Le lendemain, la chroniqueuse critique Reeyot Alemu, qui avait passé 4 ans en prison, et dont le cas avait été présenté en 2012 à la Journée internationale de l’IFEX de la Campagne pour mettre fin à l’impunité, a également été libérée.
Le 16 octobre 2015, les blogueurs restants de Zone 9 ont été acquittés des accusations de terrorisme. Abel Wabella, Atnaf Berhane, et Natnail Feleke devaient être libérés ce jour-là. La blogueuse en exil Soleyana S. Gebremichael a été acquittée par contumace, selon des rapports de presse cités par le CPJ. Un autre blogueur du collectif, Befekadu Hailu, a également été acquitté des charges de terrorisme, mais continue à être détenu pour des accusations d’incitation à la violence, disent des rapports.

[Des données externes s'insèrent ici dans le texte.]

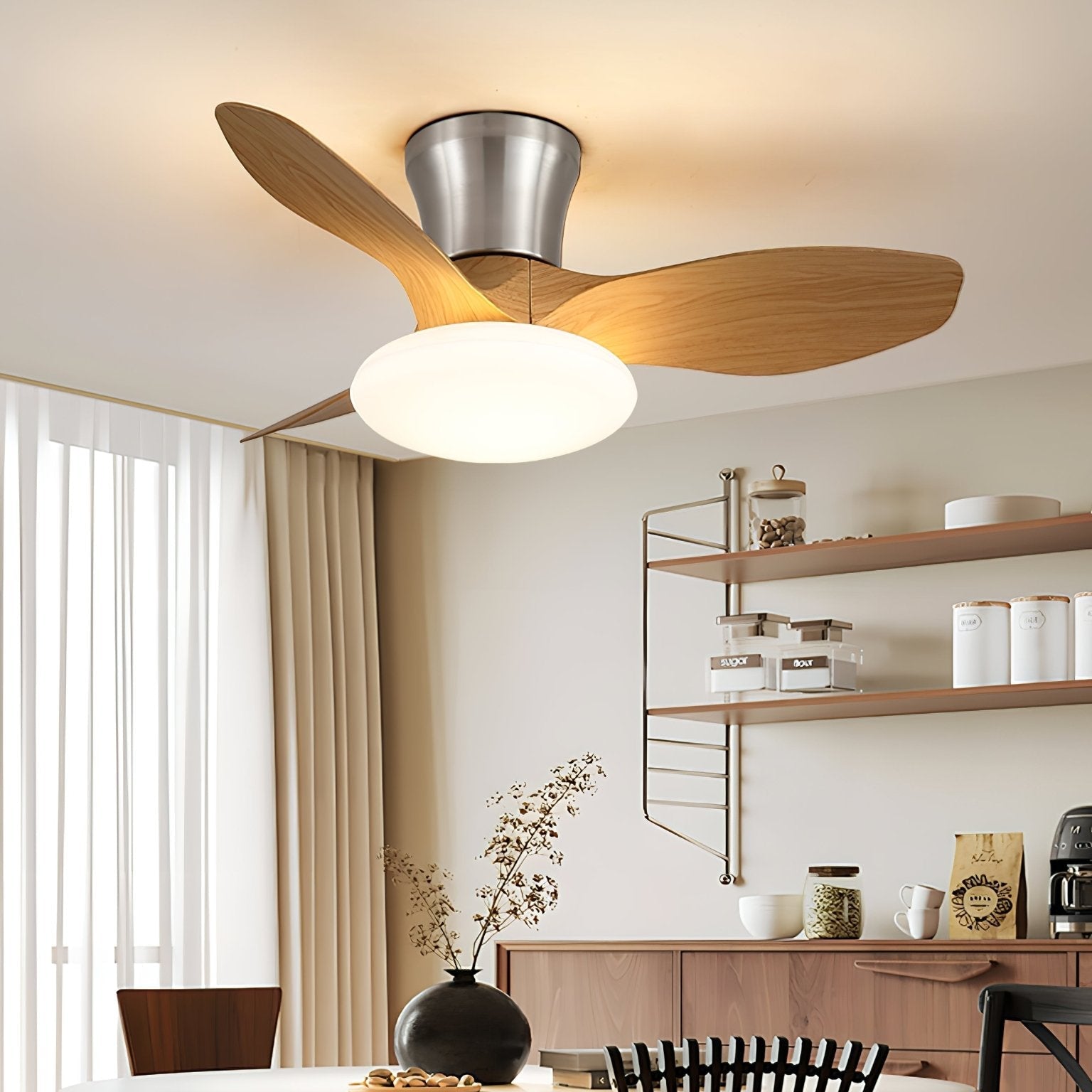 Velora Modern Wood Ceiling Fan Light-Neutral Decor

« Le tribunal a dit que toute la preuve présentée était très faible pour prouver qu’ils planifiaient un quelconque acte de terrorisme – le tribunal a relié leurs écrits à la liberté d’expression », a déclaré l’avocat de la défense Ameha Mekonnen après la décision du tribunal, selon l’AFP.
Récemment, l’organisation Electronic Frontier Foundation (EFF) a inclus Zone 9 dans leur campagne « Hors ligne », qui « présente des cas clés qui ne reçoivent peut-être pas une large couverture, mais nous croyons parler à un large public concerné par la question de la liberté en ligne ».
En 2014, PEN International a exhorté ses partisans à envoyer des appels aux autorités éthiopiennes, appelant à la libération de blogueurs et à l’abrogation de la législation anti-terrorisme.
Les blogueurs de Zone 9 sont récipiendaires du Prix International 2015 de la Liberté de la Presse du CPJ.